--- DATASET SECTION ---

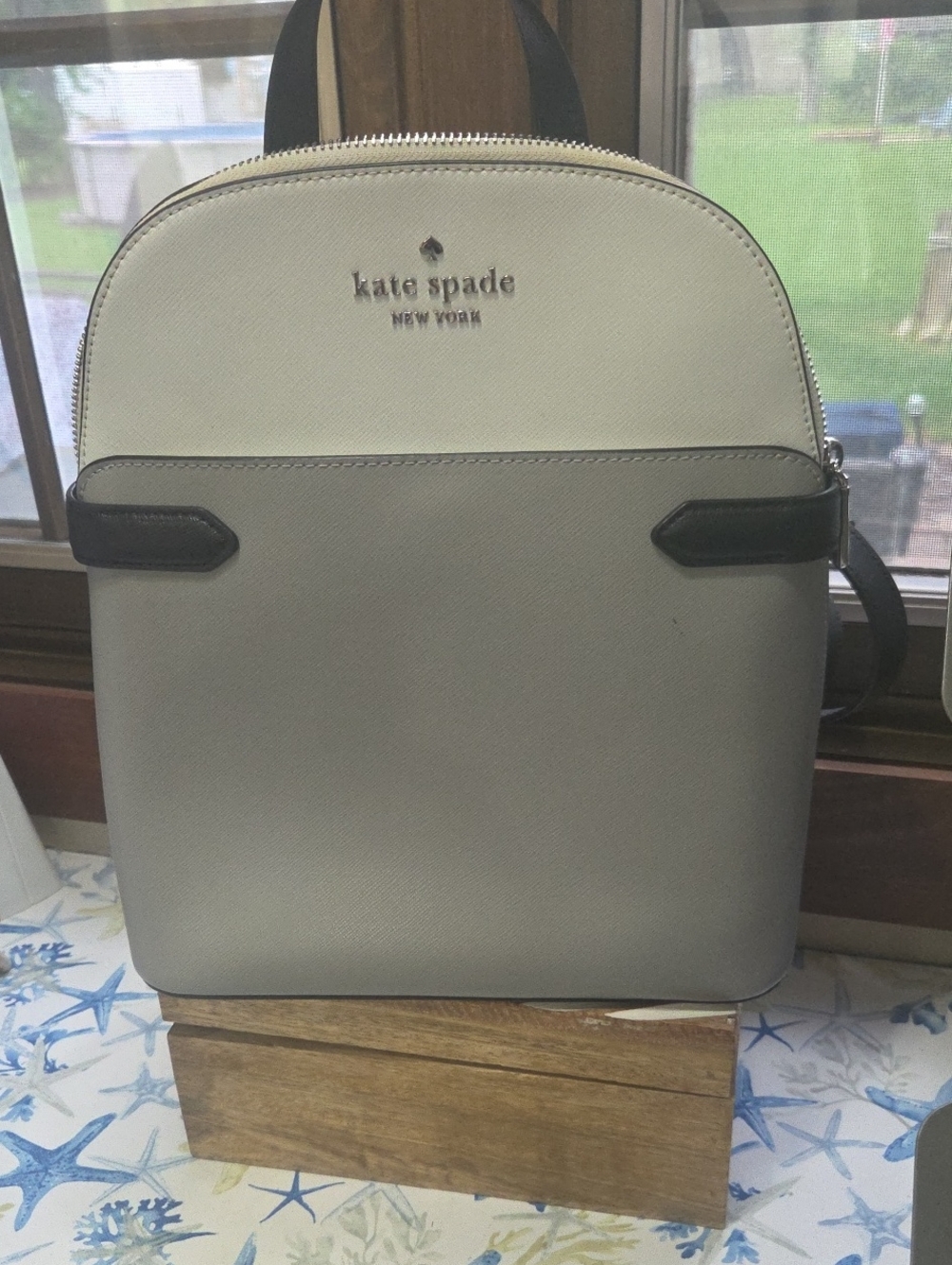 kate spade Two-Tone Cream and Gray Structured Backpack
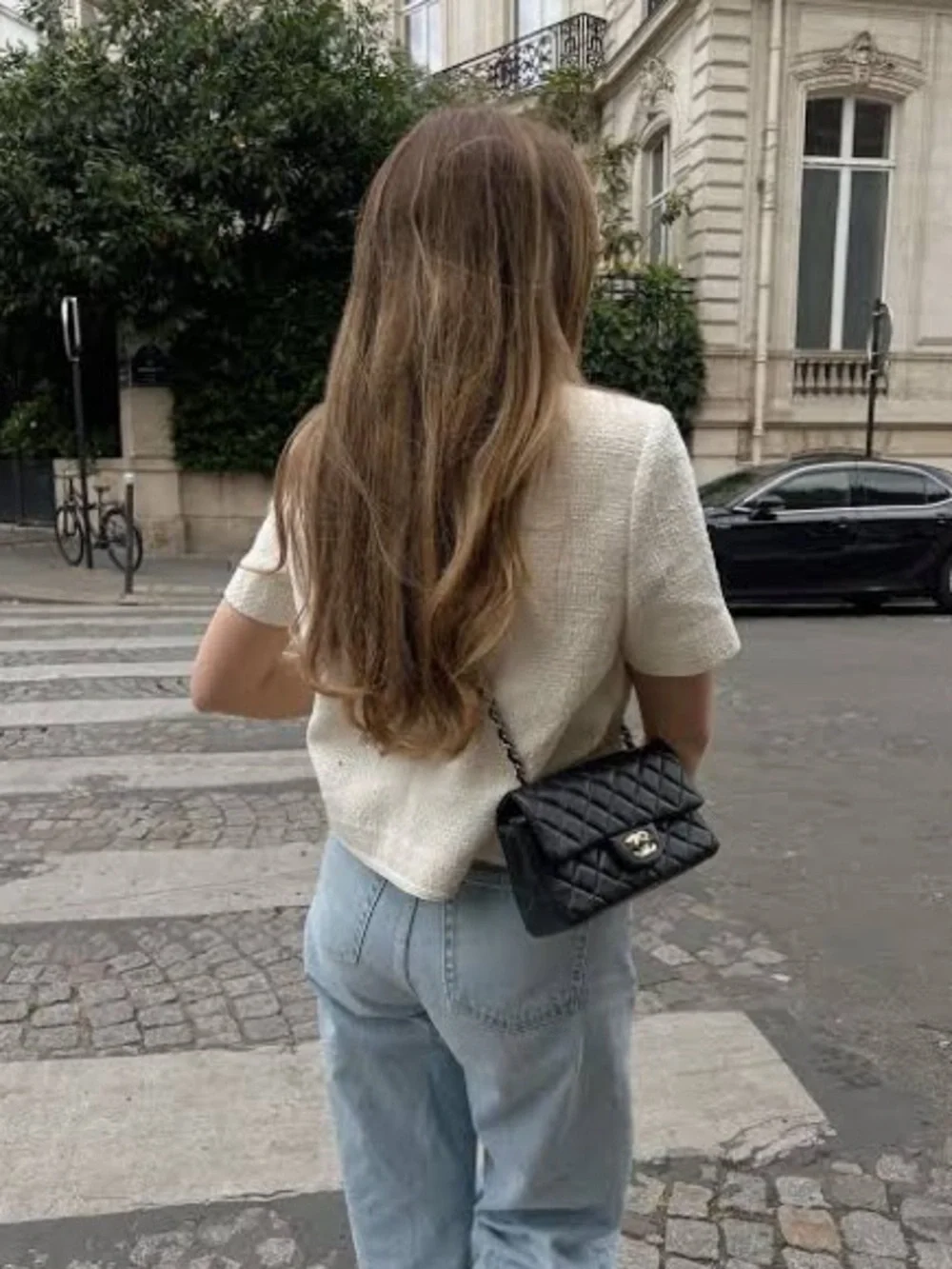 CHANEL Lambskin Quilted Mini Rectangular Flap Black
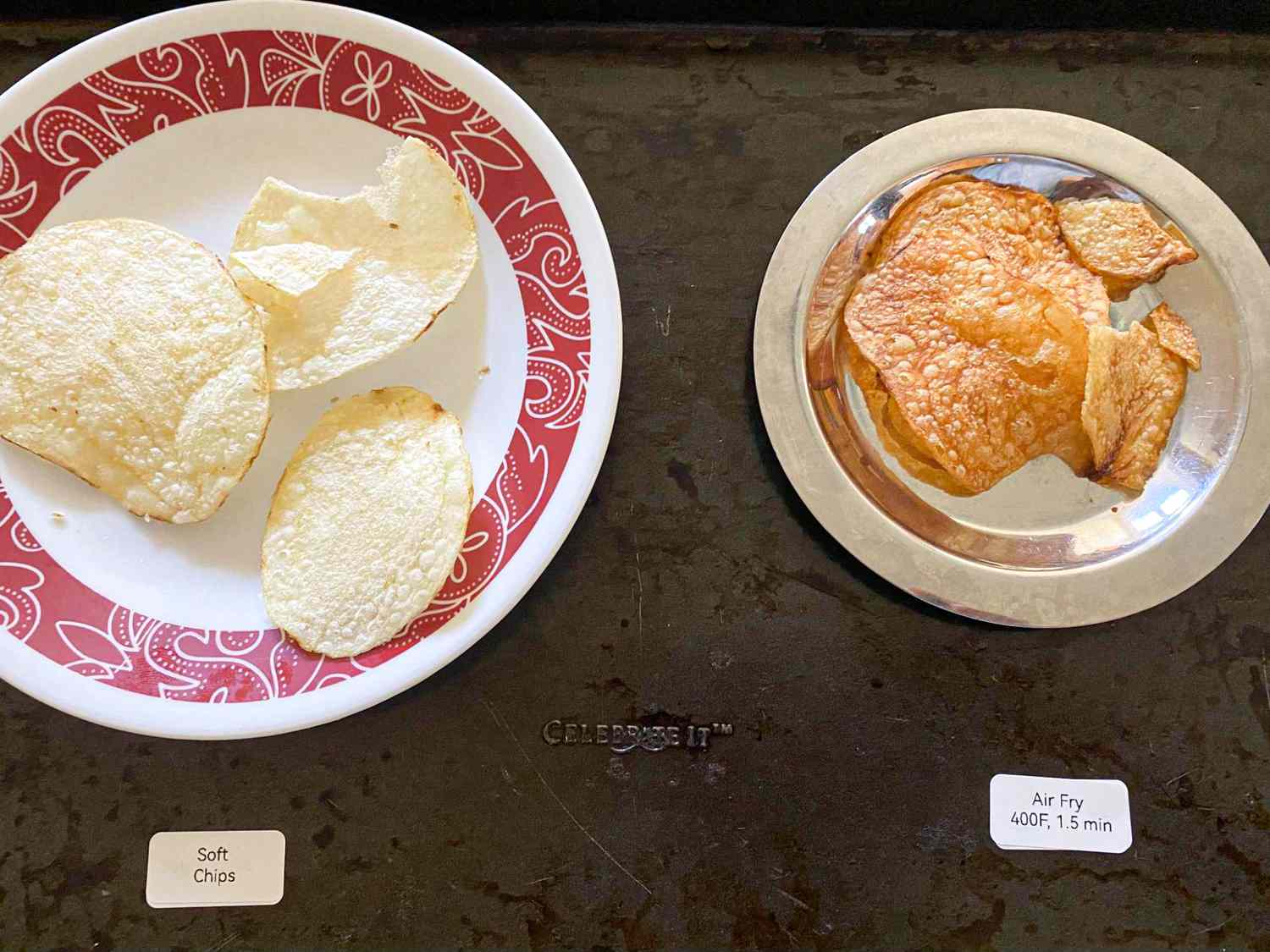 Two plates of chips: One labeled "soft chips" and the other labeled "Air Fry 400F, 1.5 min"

---

#### DIRECTIONS FOR THIS TASK
Type the listing out again word for word, passing over each picture.

#### SOLUTION BELOW
 kate spade Two-Tone Cream and Gray Structured Backpack
 CHANEL Lambskin Quilted Mini Rectangular Flap Black
 Two plates of chips: One labeled "soft chips" and the other labeled "Air Fry 400F, 1.5 min"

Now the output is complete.